Андрес внимательно наблюдал за Никой и, судя по блеску его глаз, остался доволен произведенным впечатлением. Но все-таки спросил:

— Как ты находишь наше временное обиталище?

Ника осторожно подошла к кровати, дотронулась рукой до шелка и присела на краешек:

— И на этом можно спать?

— Еще как можно! — Андрес подошел к ней. В глубине его глаз зажглась уже знакомая Нике искорка: — Хочешь, я тебе сейчас докажу?

Ника притворно-скромно потупилась:

— Как это?

— Убедительно.

Андрес присел на кровать рядом с ней и осторожно обнял ее за плечи, привлекая к себе все ближе и ближе. Ника прильнула к нему всем телом, и в ту же секунду ей показалось, что его сердце контролирует и ее кровоток. В голове все поплыло, она лишь ощутила, как его рука, перестав сжимать талию, скользнула выше, по плечу, по изгибу шеи, отбросила от уха завиток волос… Его пальцы в который раз словно пробовали нежность ее кожи, вызывая всплеск знакомых эмоций. Сознание Ники лишь регистрировало происходящее, но уже утратило власть над телом, над мускульным напряжением, над жестами.

Голова сразу отяжелела, склонилась вперед в поисках опоры — и нашла ее на твердом мужском плече. Кожа стала остро восприимчивой, груди отяжелели, разбухли от знакомой сладостной боли.

Не в силах противиться неизбежному, Ника прильнула к этому твердому плечу еще теснее, отдалась сильным рукам, ощущая невесомость своего тела, блаженную ласку, разливающуюся от прикосновений Андреса.

Он целовал ее, и Ника испытывала трепет, чувствуя под ладонями тепло его кожи, твердые бугорки мускулов на груди… Она сама не понимала, как ее руки проникли под его свитер, ощутила пугающий, зовущий соблазн и подивилась силе своих чувств.

— О, Андрес…

Словно в такт произносимому имени, учащенно билось ее сердце, и он вновь принялся целовать ее, не давая опомниться. Он целовал ее приоткрытые губы, заставляя всю трепетать от удовольствия и ощущать проникновение языка между губ. На секунду оторвавшись от нее, он одним резким движением стянул с нее свитер, потом быстро освободился от своего. Одной рукой он поддерживал ее спину, другая его рука скользнула вниз и скоро достигла мягкой округлости груди. Розовый шелк белья не мог служить достаточной преградой и быстро разделил участь свитера, оказавшись на полу.

Ника чувствовала, что он получает удовольствие, касаясь ее, — рука слегка подрагивала, когда его большой палец очертил окружность ее соска. Она опустила глаза вниз, и контраст между бледностью ее груди и его загорелой рукой приковал ее взгляд, еще сильнее возбуждая. Словно повинуясь невысказанной просьбе, она приподняла бедра и позволила освободить себя от джинсов.

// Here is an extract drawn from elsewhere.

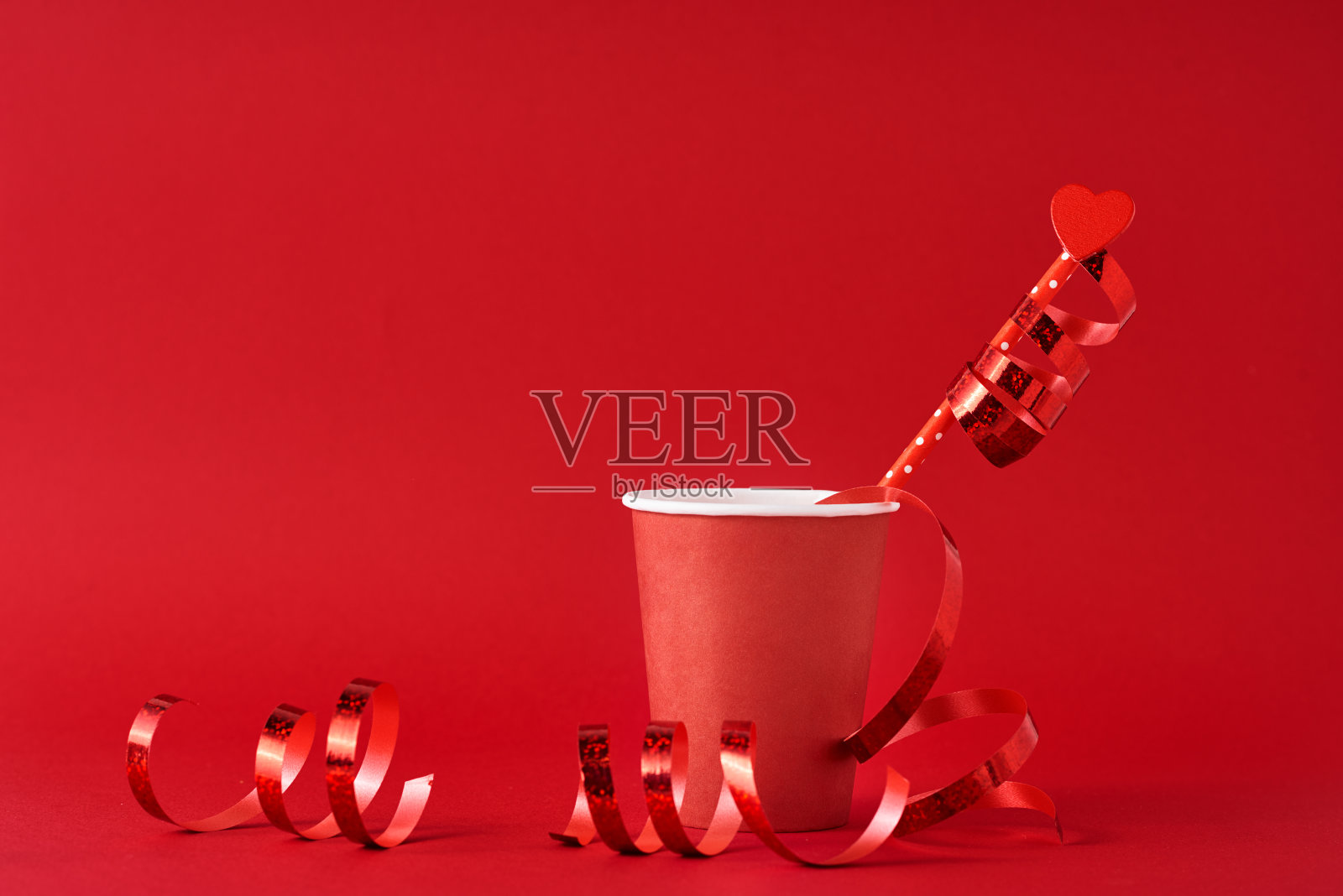 纸咖啡杯，稻草上有木心，红色背景上有节日彩带。情人节的概念照片摄影图片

Теперь она лежала нагая поверх розового шелка, и Андрес пристально разглядывал ее тело. Взгляд его в какой-то момент показался Нике сосредоточенным и даже свирепым, но потом он произнес ее имя — так нежно, что в груди разлилась истома.

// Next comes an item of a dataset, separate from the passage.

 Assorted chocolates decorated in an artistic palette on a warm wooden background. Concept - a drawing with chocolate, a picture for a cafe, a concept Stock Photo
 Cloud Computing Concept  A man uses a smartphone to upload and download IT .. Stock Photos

Он целовал ее грудь требовательно и неистово, его щекочущий язык быстро взял верх над ее слабым телом. Ртом он захватил упругий сосок и заставил ее вскрикнуть от наслаждения.

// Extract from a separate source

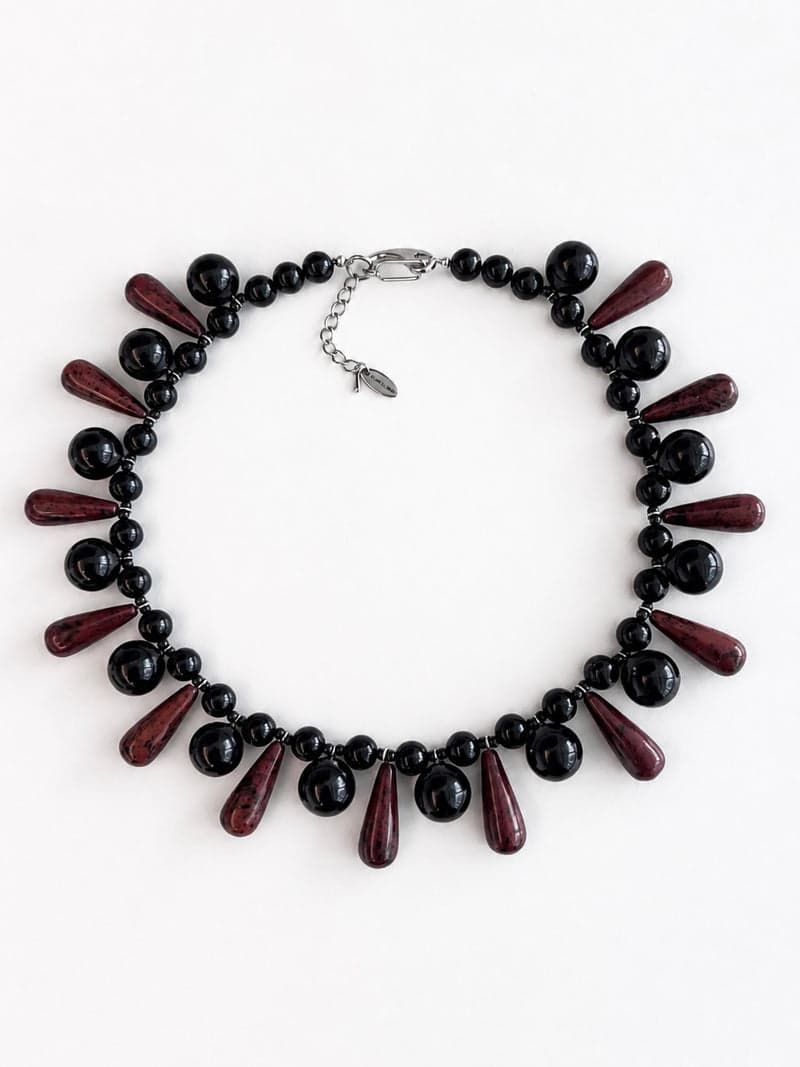 A bib necklace of round glossy black beads alternating with long dark red teardrop beads, on a white background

Восторг плоти захлестнул ее волной. Потеряв власть над собой, Ника начала постанывать, уже ничего не стесняясь. Боже, разве с Кириллом она могла себе представить, что можно так чувствовать, так желать, испытывать такое смятение чувств!

А губы Андреса перемещались все ниже, ниже… Он целовал ее живот, талию, низ живота, его ладони сжимали ее бедра. Ника вся обмякла в его руках и трепетала от желания. Потом он настойчиво и нежно стал ласкать самую укромную часть ее тела. В первый момент этой ласки Ника вся напряглась — к ней вернулось ощущение неуверенности и боязни, но воспоминание об однажды испытанном наслаждении погасило все возможные попытки к сопротивлению. А неистовость его языка окончательно пресекла всякий контроль…

Позже, в его объятиях, она чувствовала себя совсем хрупкой, остро осознавая невидимые цепи сексуальной интимности, приковавшие ее к этому мужчине… А он нежно целовал впадину ее шеи, поглаживал плечи, влажные от пережитого напряжения.

— Это было прекрасно, — тихо прошептал Андрес, и его дыхание теплым ветерком овеяло ее кожу. Потом он обнял ее и слегка отстранился. Ника почему-то сразу почувствовала себя покинутой и одинокой.